[[ STORED DATA open ]]

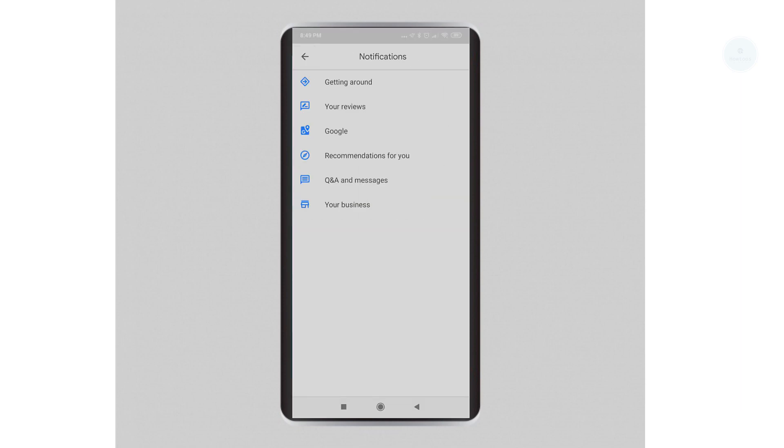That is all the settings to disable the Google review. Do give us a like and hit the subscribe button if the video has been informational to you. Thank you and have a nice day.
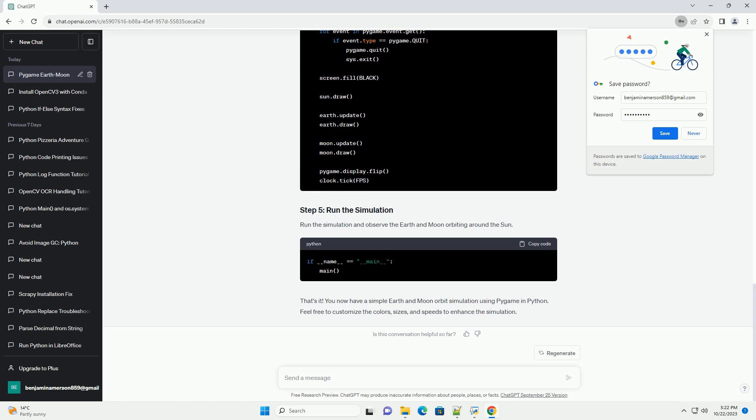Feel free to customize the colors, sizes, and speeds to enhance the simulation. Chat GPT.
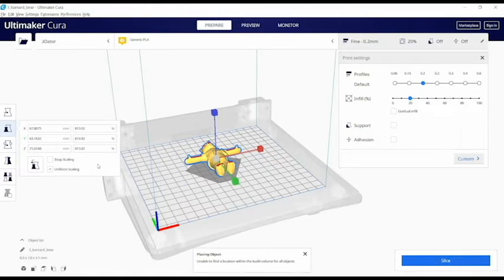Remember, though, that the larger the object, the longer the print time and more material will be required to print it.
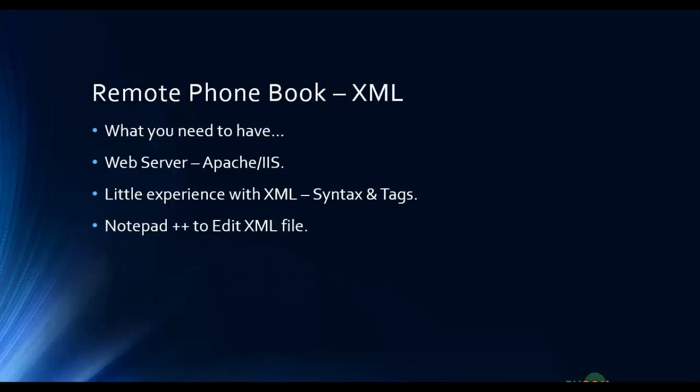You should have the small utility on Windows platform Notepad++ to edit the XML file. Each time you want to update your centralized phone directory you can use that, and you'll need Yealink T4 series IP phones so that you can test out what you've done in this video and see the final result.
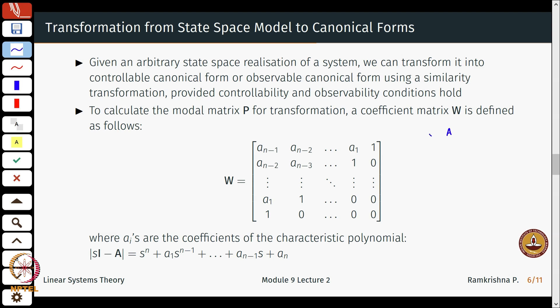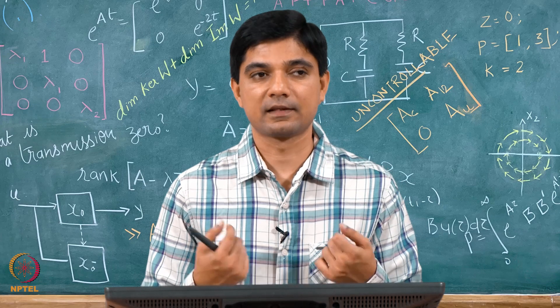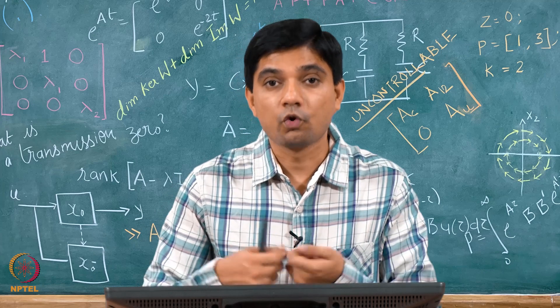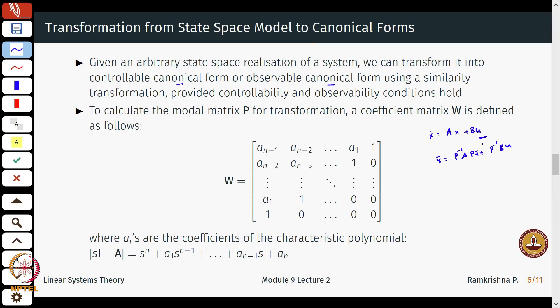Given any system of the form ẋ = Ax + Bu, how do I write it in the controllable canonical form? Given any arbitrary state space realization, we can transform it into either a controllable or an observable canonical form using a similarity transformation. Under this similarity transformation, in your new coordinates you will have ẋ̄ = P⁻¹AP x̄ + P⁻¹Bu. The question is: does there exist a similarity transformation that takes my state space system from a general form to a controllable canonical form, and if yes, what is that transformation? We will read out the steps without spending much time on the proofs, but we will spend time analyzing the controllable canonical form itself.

[[ STORED DATA closed ]]
[[ STORED DATA open ]]

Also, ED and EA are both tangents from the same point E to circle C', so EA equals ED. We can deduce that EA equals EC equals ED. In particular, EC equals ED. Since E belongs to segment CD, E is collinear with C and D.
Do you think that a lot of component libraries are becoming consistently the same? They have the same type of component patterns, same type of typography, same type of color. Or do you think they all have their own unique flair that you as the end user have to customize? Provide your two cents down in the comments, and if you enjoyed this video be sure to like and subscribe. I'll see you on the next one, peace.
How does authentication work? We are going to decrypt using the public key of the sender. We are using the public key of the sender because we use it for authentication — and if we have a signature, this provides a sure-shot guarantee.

[[ STORED DATA closed ]]

TASK DIRECTIONS – Keep to the stretch from the line containing "You should have" through the line containing "Given any system", both ends included, and copy it exactly from the listing above, minus the pictures.

EXERCISE ANSWER –
You should have the small utility on Windows platform Notepad++ to edit the XML file. Each time you want to update your centralized phone directory you can use that, and you'll need Yealink T4 series IP phones so that you can test out what you've done in this video and see the final result.
Given any system of the form ẋ = Ax + Bu, how do I write it in the controllable canonical form? Given any arbitrary state space realization, we can transform it into either a controllable or an observable canonical form using a similarity transformation. Under this similarity transformation, in your new coordinates you will have ẋ̄ = P⁻¹AP x̄ + P⁻¹Bu. The question is: does there exist a similarity transformation that takes my state space system from a general form to a controllable canonical form, and if yes, what is that transformation? We will read out the steps without spending much time on the proofs, but we will spend time analyzing the controllable canonical form itself.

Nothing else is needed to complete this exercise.